The typical pea salad is made with a lot of mayonnaise. Like, a LOT. The thought kind of makes my stomach turn so I had to do something about it. I replaced most of it with plain Greek yogurt. I use whole milk Greek yogurt because it cuts down on fat and calories without sacrificing any of the flavor or richness. Add a couple spoonfuls of mayonnaise, apple cider vinegar and sugar, and this dressing is still amazing.

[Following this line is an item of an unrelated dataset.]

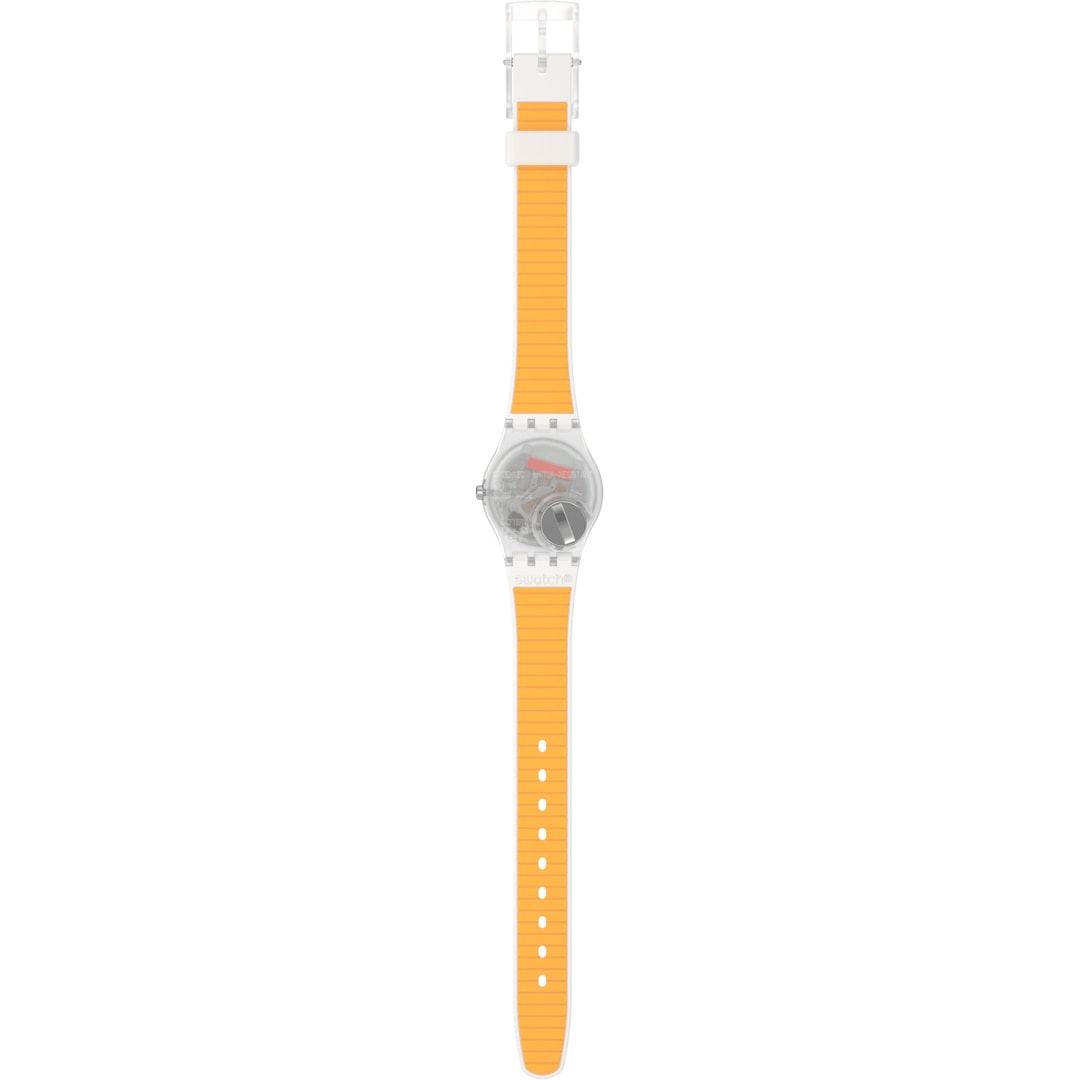Swatch Original 25 The Gold Within You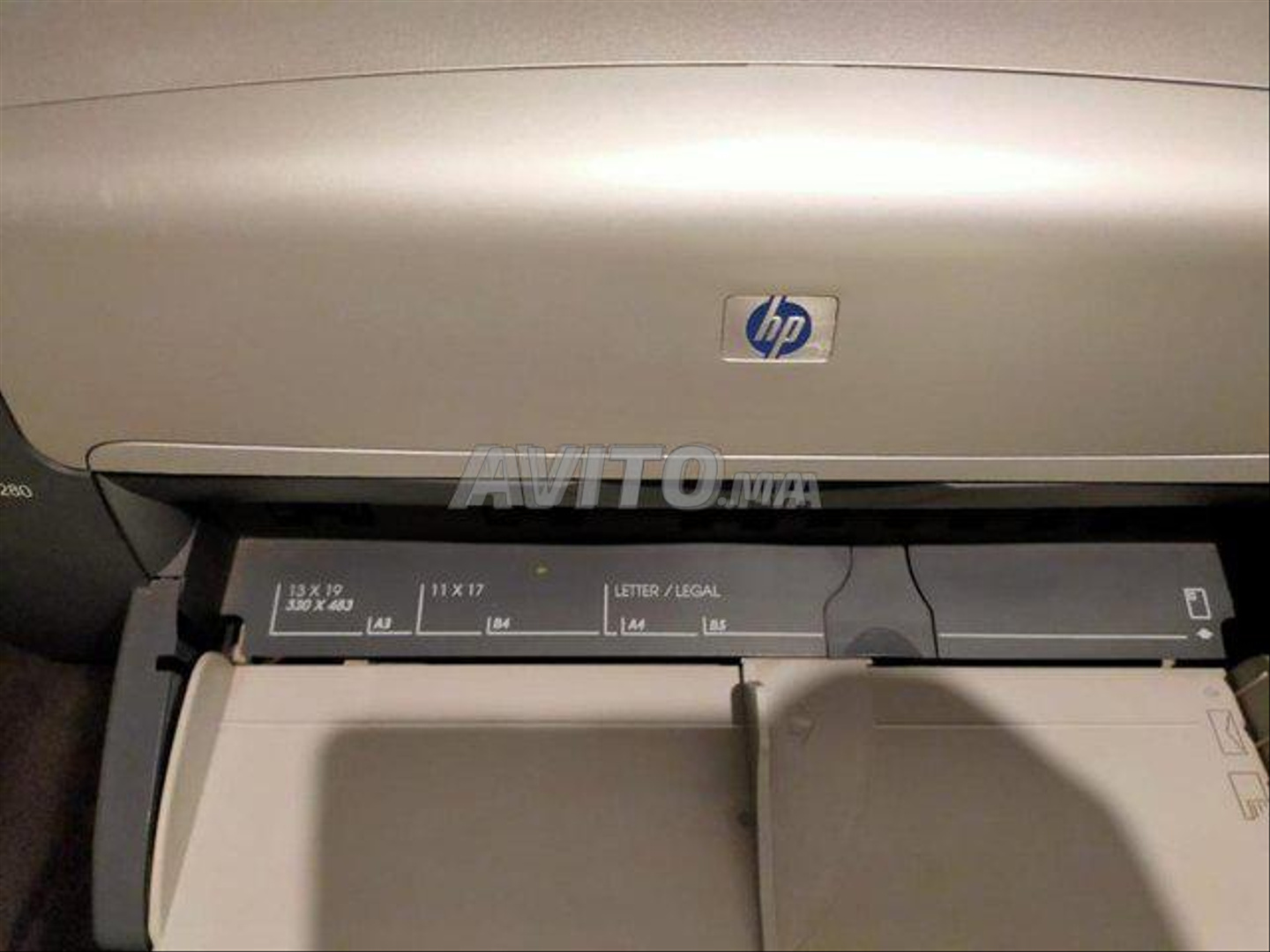 Imprimante HP - 4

Just as it was thirty years ago, this Creamy Bacon and Pea Salad should be at every BBQ this summer. It’s easy to make, can be prepped ahead of time and is a crowd pleaser. It was a hit with my family, even my toddlers, and will be a hit with your family and friends as well!
Prep Time: 10 minutes
Cook Time: 20 minutes
1 pound bacon
2 pounds peas, thawed
½ red onion, thinly sliced
8 ounces cheddar cheese, cubed
½ cup plain Greek yogurt
3 tablespoons mayonnaise
2 tablespoons apple cider vinegar
1 tablespoon sugar
½ teaspoon salt
¼ teaspoon black pepper
2 scallions, chopped
- Heat a large skillet and cook the bacon until crispy. Remove from the pan and set aside to cool. Once cooled, chop up into small pieces.
- In a large bowl, add the peas, red onion, cheddar cheese, and crumbled bacon.
- In a small bowl, whisk together the Greek yogurt, mayonnaise, apple cider vinegar, sugar, salt, and pepper.
- Add the dressing to the pea mixture and stir well to combine. Top with the chopped scallions. Serve immediately, or cover and refrigerate it until you’re ready to enjoy it.